Emily White, a summer intern at NPR’s All Songs Considered, didn’t know what she was getting into when she wrote her now-infamous screed about how, despite being a hardcore music fan and college radio station manager with 11,000 songs on her computer, she has only ever paid for 15 CDs-worth of recorded music with actual money.

Her essay caught the attention of David Lowery, former lead singer for Camper Van Beethoven and Cracker, whose widely-circulated, biting retort accused White of belonging to an entitled generation that pays extra for “fair trade” coffee and shiny technology while refusing to shell out for music, leading to the destitution or even death of musicians.

If you’re reading this, you’ve probably read both pieces. Everybody has been talking about them, all week long. As Digital Music News puts it, we’ve seen reverberations in “The New York Times, NPR, Los Angeles Times, Techdirt, Hypebot, Lefsetz, [and] the Huffington Post. Thousands of words, hundreds of comments, dozens of emails, several proposed guest posts; I’m not sure I’ve experienced anything quite like this.”

It’s true. Lowery’s post went incredibly viral — like, “rabies” viral. It has already inspired lots of soul-searching about what the digital music revolution means for music and culture in general (speaking of which, you can read our take on streaming and culture in Time).

All that commentary appears to have missed something that jumped out at me the first time I read Lowery’s inspired piece. He suggests that instead of ripping CDs from the college radio station or letting friends copy gigabytes of music onto their iPods, Emily White and the rest of her delusional generation should pay for the unlimited, on-demand music service MOG (among other choices) because it’s “legitimate” (more on that below). A few paragraphs earlier, he rips into a similar service, Spotify, because “the internet is full of stories from artists detailing just how little they receive from Spotify.”

David Lowery might be right about some things, but he is wrong there, for a few reasons. We know this not only because we obtained a confidential report detailing how much Spotify pays to labels, but also because we just sat down with Charles Caldas, the CEO of Merlin, which represents over 10,000 independent labels and helps them negotiate better deals from these services than they would get on their own.

He told us about Spotify’s payouts to artists firsthand, so we don’t have to rely on “stories from the internet.”

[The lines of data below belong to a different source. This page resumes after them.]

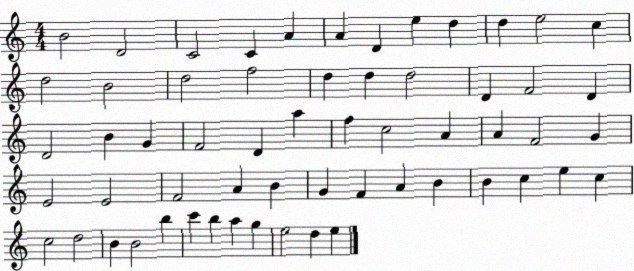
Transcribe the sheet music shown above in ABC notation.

X:1
T:Untitled
M:4/4
L:1/4
K:C
B2 D2 C2 C A A D e d d e2 c d2 B2 d2 f2 d d d2 D F2 D D2 B G F2 D a f c2 A A F2 G E2 E2 F2 A B G F A B B c e c c2 d2 B B2 b c' b a g e2 d e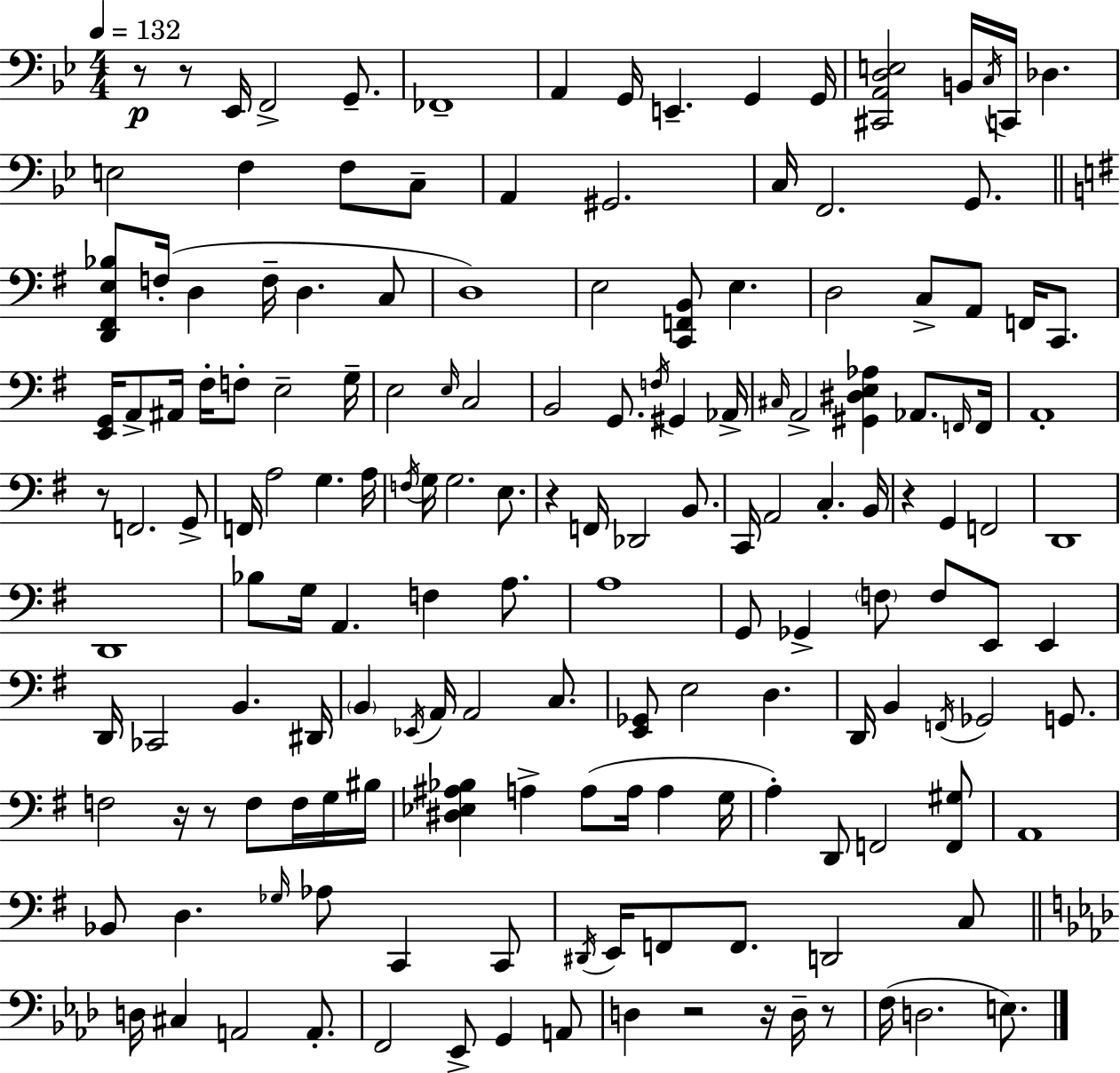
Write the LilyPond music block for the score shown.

{
  \clef bass
  \numericTimeSignature
  \time 4/4
  \key g \minor
  \tempo 4 = 132
  r8\p r8 ees,16 f,2-> g,8.-- | fes,1-- | a,4 g,16 e,4.-- g,4 g,16 | <cis, a, d e>2 b,16 \acciaccatura { c16 } c,16 des4. | \break e2 f4 f8 c8-- | a,4 gis,2. | c16 f,2. g,8. | \bar "||" \break \key g \major <d, fis, e bes>8 f16-.( d4 f16-- d4. c8 | d1) | e2 <c, f, b,>8 e4. | d2 c8-> a,8 f,16 c,8. | \break <e, g,>16 a,8-> ais,16 fis16-. f8-. e2-- g16-- | e2 \grace { e16 } c2 | b,2 g,8. \acciaccatura { f16 } gis,4 | aes,16-> \grace { cis16 } a,2-> <gis, dis e aes>4 aes,8. | \break \grace { f,16 } f,16 a,1-. | r8 f,2. | g,8-> f,16 a2 g4. | a16 \acciaccatura { f16 } g16 g2. | \break e8. r4 f,16 des,2 | b,8. c,16 a,2 c4.-. | b,16 r4 g,4 f,2 | d,1 | \break d,1 | bes8 g16 a,4. f4 | a8. a1 | g,8 ges,4-> \parenthesize f8 f8 e,8 | \break e,4 d,16 ces,2 b,4. | dis,16 \parenthesize b,4 \acciaccatura { ees,16 } a,16 a,2 | c8. <e, ges,>8 e2 | d4. d,16 b,4 \acciaccatura { f,16 } ges,2 | \break g,8. f2 r16 | r8 f8 f16 g16 bis16 <dis ees ais bes>4 a4-> a8( | a16 a4 g16 a4-.) d,8 f,2 | <f, gis>8 a,1 | \break bes,8 d4. \grace { ges16 } | aes8 c,4 c,8 \acciaccatura { dis,16 } e,16 f,8 f,8. d,2 | c8 \bar "||" \break \key f \minor d16 cis4 a,2 a,8.-. | f,2 ees,8-> g,4 a,8 | d4 r2 r16 d16-- r8 | f16( d2. e8.) | \break \bar "|."
}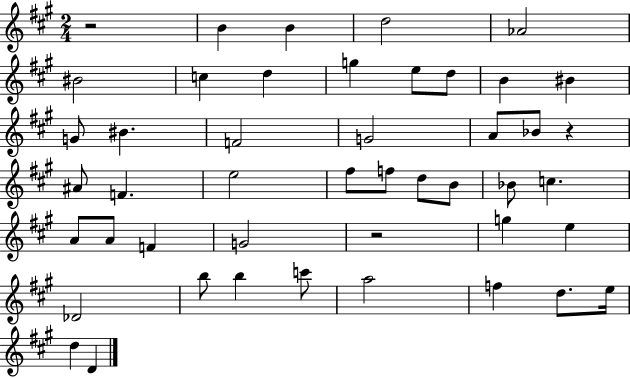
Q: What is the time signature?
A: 2/4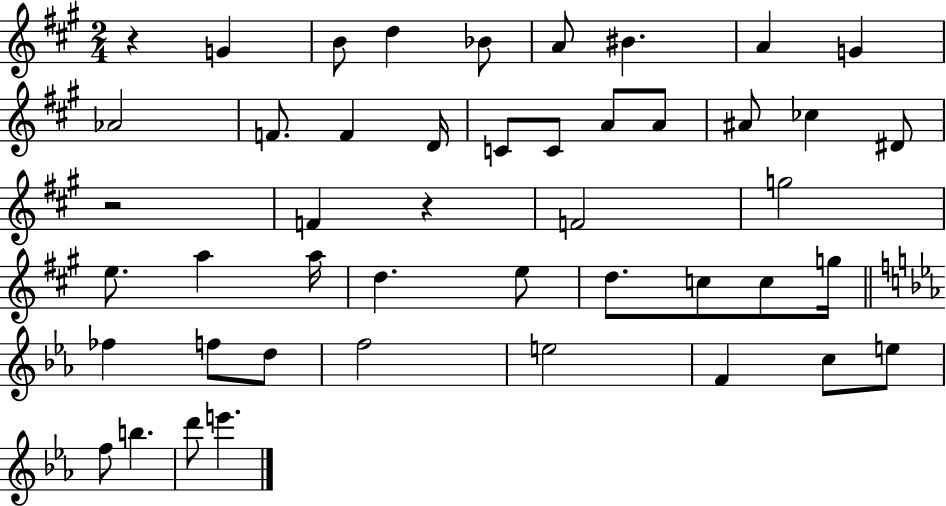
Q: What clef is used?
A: treble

The reality: Merlin’s thousands of independent labels, and by extension their artists, are pretty happy with what Spotify is paying them — and happier still about big increases in those payouts. Those increases should be good news for the record industry, because Emily White says she wants ”one massive Spotify-like catalog of music that will sync to my phone and various home entertainment devices.” Eventually, she would consider paying for that, as would, presumably, other members of Generation Entitled.

Lowery’s post received an insane amount of attention, which is why we want to clear up the ways in which he is wrong about Spotify’s payouts in particular — and in general about the viability of streaming services where artists are concerned — even the ones that let people stream music for free. (The short story: It’s not really his fault that he’s wrong.)

Here’s the deal.

Big Growth

Spotify’s payouts to Merlin’s 10,000-plus indie labels rose 250 percent from the year ending March 2011 to the year ending March 2012. More importantly, the revenue per user (RPU) “has grown significantly alongside the overall revenue growth and is currently the highest it has been since the launch of the service,” said Caldas. “We see consistent, ongoing growth on revenue per user, revenue per stream, and the total revenue the service brings.”

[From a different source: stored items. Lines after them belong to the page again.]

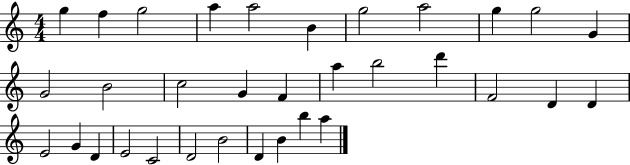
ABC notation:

X:1
T:Untitled
M:4/4
L:1/4
K:C
g f g2 a a2 B g2 a2 g g2 G G2 B2 c2 G F a b2 d' F2 D D E2 G D E2 C2 D2 B2 D B b a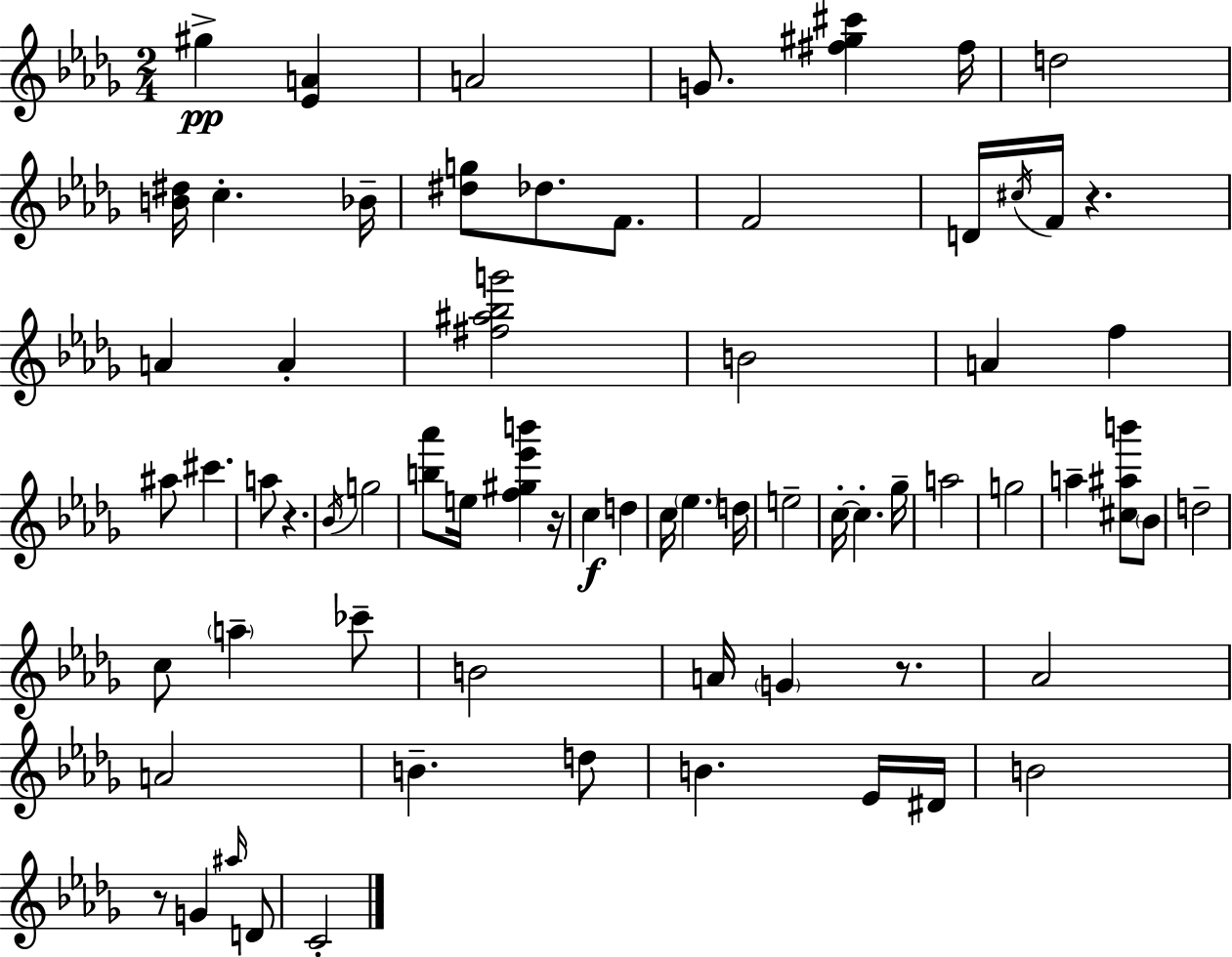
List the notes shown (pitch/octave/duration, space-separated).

G#5/q [Eb4,A4]/q A4/h G4/e. [F#5,G#5,C#6]/q F#5/s D5/h [B4,D#5]/s C5/q. Bb4/s [D#5,G5]/e Db5/e. F4/e. F4/h D4/s C#5/s F4/s R/q. A4/q A4/q [F#5,A#5,Bb5,G6]/h B4/h A4/q F5/q A#5/e C#6/q. A5/e R/q. Bb4/s G5/h [B5,Ab6]/e E5/s [F5,G#5,Eb6,B6]/q R/s C5/q D5/q C5/s Eb5/q. D5/s E5/h C5/s C5/q. Gb5/s A5/h G5/h A5/q [C#5,A#5,B6]/e Bb4/e D5/h C5/e A5/q CES6/e B4/h A4/s G4/q R/e. Ab4/h A4/h B4/q. D5/e B4/q. Eb4/s D#4/s B4/h R/e G4/q A#5/s D4/e C4/h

So, why doesn’t David Lowery know about that?

Music Services Don’t Pay Artists — They Pay Labels. Also, There’s Major Lag.

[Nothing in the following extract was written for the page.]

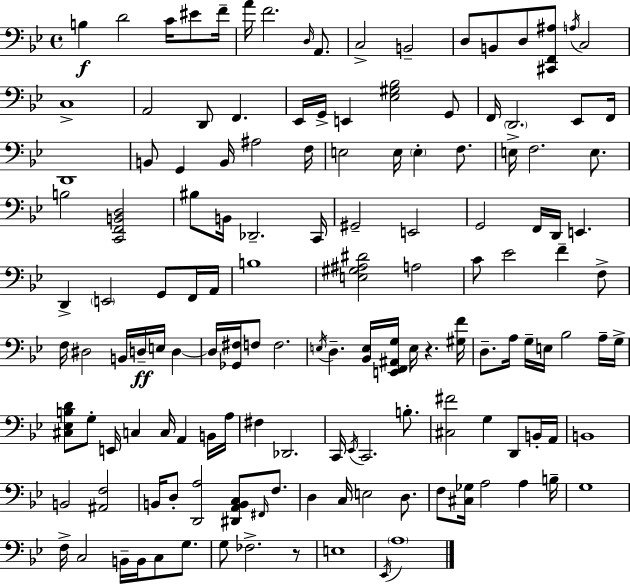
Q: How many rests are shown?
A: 2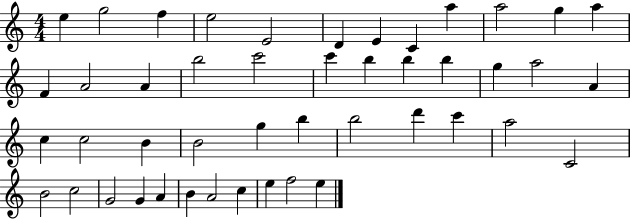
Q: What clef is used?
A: treble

“The thing about ‘Spotify doesn’t pay artists enough’ — Spotify doesn’t pay artists,” clarified Caldas. “They pay labels.”

Label deals vary to a huge degree. In some cases, more of that money is absorbed by labels than in others. Artists have always complained about labels not paying what they owe, which is why they sometimes sue for the right to audit the books. The same thing could be happening with streaming services in some cases (which is another reason music needs one big database, but that’s another story).

But even if labels broke their contracts and passed along every cent from Spotify to artists, for some crazy reason, the picture for artists would still look far, far worse than it actually is. The issue is lag — up to a year of it, and an important year at that.

“Chances are, you [the artist] are getting reporting quarterly, or six-monthly, on sales that happened six months ago, so what you’re seeing in your royalty statements could be a year old,” said Caldas. “You’re not seeing the service the way it looks today.”

Considering that a year ago Spotify hadn’t even launched in the U.S. — the world’s biggest music market — this distorts reality quite a bit.

What about all those “stories on the internet,” like the one about Lady Gaga only making $167 for one million streams?

“That Lady Gaga thing was about publishing, not recording rights, and it was a single territory,” said Caldas. “It was refuted at some point, but that story’s had way too much air, and it’s just ridiculous.”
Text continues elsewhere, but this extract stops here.